C’era una volta un gatto che, stanco di indossare i suoi stivali, si mise ad andare in giro per il bosco a piedi scalzi.
Un giorno, mentre vagava per la foresta di Gevaudan, incontrò un coniglio azzurro, che saltellò verso di lui si presentò e gli disse: ‘Io sono il coniglio bianco, e invece di bere il tè, ogni giorno alle cinque bevo una bottiglia intera di succoalla pesca’.
‘Beh in questo siamo uguali- rispose il gatto -pensa che un tempo tutti mi chiamavano Gatto con gli stivali, perché non potevo fare a meno delle mie enormi calzature; poi un giorno ho deciso di provare a camminare senza, e mi sono accorto che stavo meglio’.
‘Quindi anche tu, come me, hai provato a cambiare le tue abitudini, i tuoi stereotipi… – disse l’Azzurro-coniglio- e allora possiamo diventare amici!’.
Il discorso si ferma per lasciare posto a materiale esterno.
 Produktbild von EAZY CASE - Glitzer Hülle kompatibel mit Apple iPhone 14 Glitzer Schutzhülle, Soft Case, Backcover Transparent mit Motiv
‘Sì- rispose un po’ malinconico il gatto- solo che io ero affezioanto al mio nome; mi piaceva sentire la gente che mi chiamava ‘Gatto con gli stivali’, era così altisonante, come se fosse stato un titolo nobiliare per me; ne andavo fiero. Ora però, devi sapere che la gente mi chiama solo e semplicemente ‘gatto’. Io pensavo che sarei stato chiamato ‘Gatto dai piedi scalzi’ e così avrei mantenuto un po’ della mia antica nobiltà, anche se non ho più gli stivali con me come segno distintivo’.
‘Beh la gente… la gente è così- disse il coniglio azzurro- considera cosa è successo anche a me: io ho rinunciato al té e ho perso l’amicizia del Cappellaio; e poi… e poi ero stanco di essere chiamato Bianco-coniglio, e sono andato dal Camaleonte a farmi fare un po’ di colore col pennarello. Ho sempre amato l’azzurro, e azzurro ora sono. E mi sento bene. Così, se prima ero il Bianco-coniglio, ora per la gente sono solo un coniglio pazzo, quasi un caso pietoso; glielo leggo negli occhi ogni volta, lo leggo negli occhi delle mamme quando un bambino mi passa accanto e mi indica dicendo ‘Guarda mamma, un coniglio strano’. E la mamma lo corregge ‘E’ un coniglio azzurro’. E così dicendo lo trascina lontano da me, come se avesse ribrezzo.
La morale della favola insegnerebbe che la diversità fa sempre paura. Ma nel finale della storia che è rimasto nella mia biro ci sono due amici un tantino strampalati che rinunciando a ciò che l’abitudine aveva loro attribuito, ritrovarono se stessi e trovarono un nuovo amico.
L’abitudine, si sa, fa l’uomo cieco. La stravaganza, si sa, è sempre segnata a dito. Ma se vi aggirate nel bosco di Gevaudan, troverete il Gatto dai piedi scalzi e l’Azzurro-coniglio che vivono insieme incredibili avventure;e se avete il coraggio e la pazienza di fermarvi un attimo ad ascoltarli, vi racconteranno di quanto il mondo abbia davvero bisogno di loro.